But every once in a while, like maybe twice a month, I have these 'thought bursts'. We'll be doing something mundane, or even something fun, and I will glance at him and suddenly find myself thinking something like "Who is this man and HOW could he have EVER done what he did to me? Is he truly a changed man, or am I fooling myself? Could he be acting out behind my back now?" Nothing triggers this - it happens totally unexpectedly. It's like there's a part of my brain that surfaces from time to time that's telling me I am being a fool.
I think this stems from the fact that I had NO idea he was doing what he was doing when he was doing it - I didn't have a 'gut feeling' or anything. I was completely taken off guard, and I have questioned myself a lot because of that.
I am always able to talk myself down by telling myself that when he was acting out before, I had disconnected myself so completely from him that I didn't care, and that's why I had no clue. Since that isn't the case at all now, I WOULD have a clue.
Does anyone else experience this?
I was hoping this was a year two thing; guess not!

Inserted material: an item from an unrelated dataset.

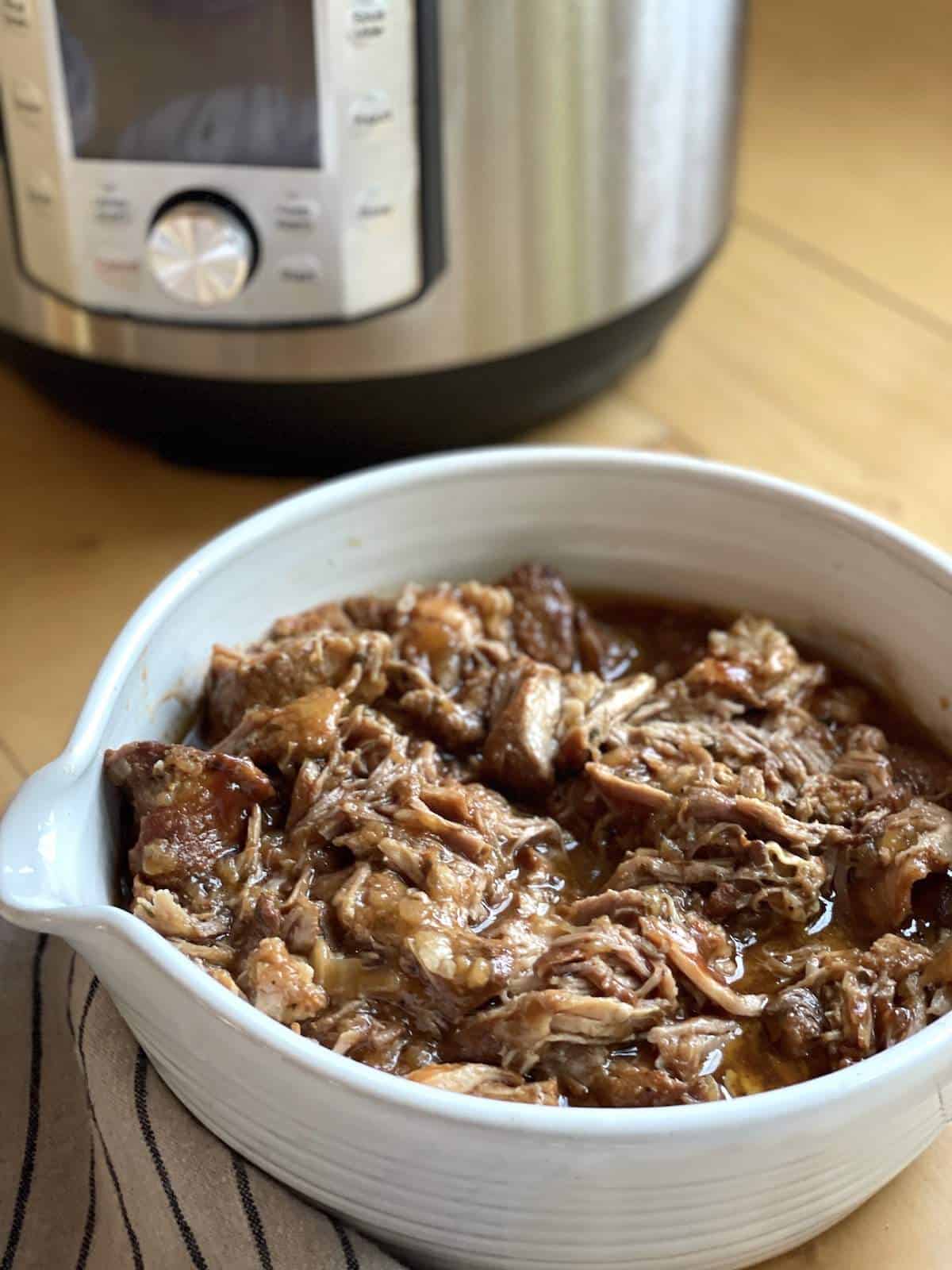 A white bowl of Instant Pot country style ribs in front of an Instant Pot.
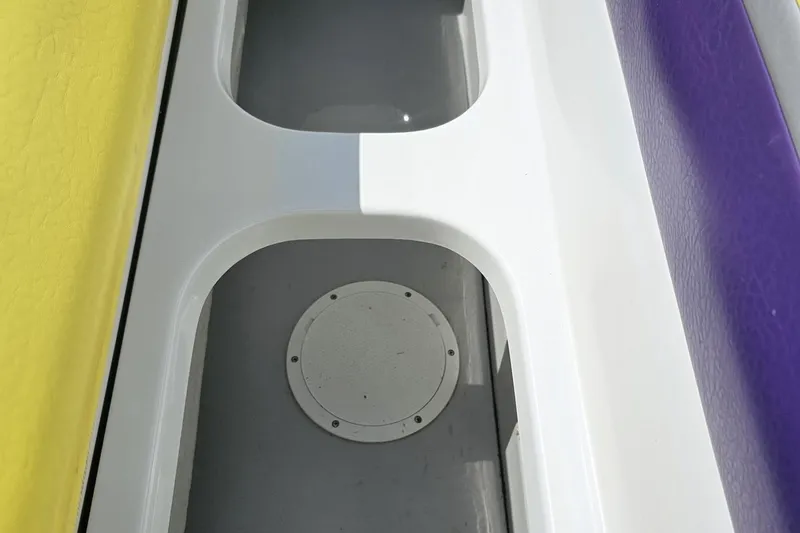 Slide: The Image of Interior view of a 2005 Baja 245 boat with colorful seating. - 80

So it all comes down to having to accept the fact that it could happen again and that I will deal with it if it does. I have to live in the "now" though and not in the "what if" world. I want to be able to say I gave it my best effort. I want to especially be able to say that to my kids.
I've gone so far as to tell him my planned response if he should choose to cheat again: it would be over completely. No more "chances." I remain hopeful though.
My husbands EA started in August 2012 but I didn't find out about it until April 2013 so we are about 8 months into R and i feel the same way. It happens to me like twice a week though. I really struggle with the fact that I didn't see it coming either. I mean I had no clue! It was the very last thing I ever expected him to do. We were barely communicating and I had basically checked out emotionally at the time. We were more like roommates than husband and wife. Sometimes I wonder if I would had caught them together back then if I would have even cared. I wasn't sure I was even in love with him during that time. I think about all the times I handed him his phone and it was her and I had no clue. I made it so easy for him. I should have known that if he wasn't getting attention from me, he was getting it from someone else. As disconnected as we were, I still trusted him though. I feel so stupid.